Just keep in mind that we should be well trained to conduct the live analysis as unlike working on forensics images we may have only one chance to do it right. Therefore:
- Maintain forensic integrity and Minimize system changes.
- Avoid installing any tools on the target system.
- Avoid copying anything on the target system.
- Validate the publisher of third-party tools.
- Use light tools which require minimum user interaction.
- When its possible record the results for further analysis.
Please Note this write-up series aims to discuss manual system analysis without using automated tools such as EDR.
3- Alice in wonderland!
One of the main factors in a successful investigation is to know what to look for! Otherwise, we get confused as much as Alice was in the wonderland.

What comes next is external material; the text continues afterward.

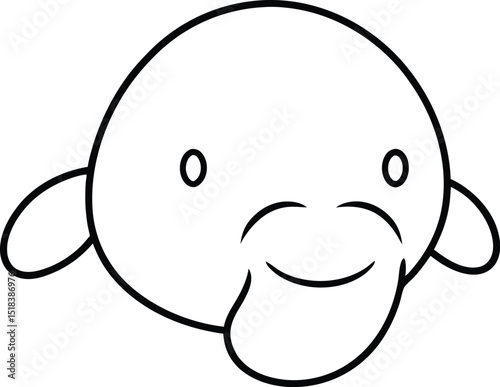 Adorable Manatee Cartoon Line Art Drawing, Simple Cute Manatee Illustration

Digital Forensics Wonderland: A considerable amount of forensics images [hardsik, RAM, memory cards…], Logs, data, records, etc. that make investigators’ life miserable if they don’t have a proper strategy [sop, cheatsheet, playbooks, and indeed enough expreince] to formulate initial hypothesises.
How to become a master in blue teaming, simple steps that need commitment and effort. Read and practice, keep ourselves updated with the latest techniques, communicate with experts and join professional communities, read and practice [Yes its is essential that’s why I mentioned it twice :)]
We should actively sharpen our skills by understanding the different Techniques, Tactics, and Procedures (TTP) used by cybercriminals, and learn how to look for their traces.
Let's start with two essential concepts that help us to investigate a potential case, Indicators of Compromise and Indicators of Attack.
4- IoC and IoA: Game of Indicators!
Indicators of compromise (IoC) is a forensics artifact left by intruders in systems or network logs that proves some form of malicious/suspicious activity or infection has occurred.
In contrast, Indicators of attack (IoA) is any sign of the beginning of a malicious or suspicious activity that helps us to detect them at early stages or even before they become a successful attack.
IoCs and IoAs can be applied to most of the stages of an attack life cycle, so we should use both!… Ha, wait you said this post is about the proactive hunt! Is looking for IoC-based detection considered active detection!
Let's think a little bit out of the box, IoC-based detection may not look proactive as IoA-based. But when it comes to the full lifecycle of cyberattacks, finding IoCs related to the successful early stages [e.g. initial access and excution] may help to look for the indicators of next potential steps such as privilege escalation, lateral movement, secondary infection, etc. And yes that is considered a proactive hunt to me.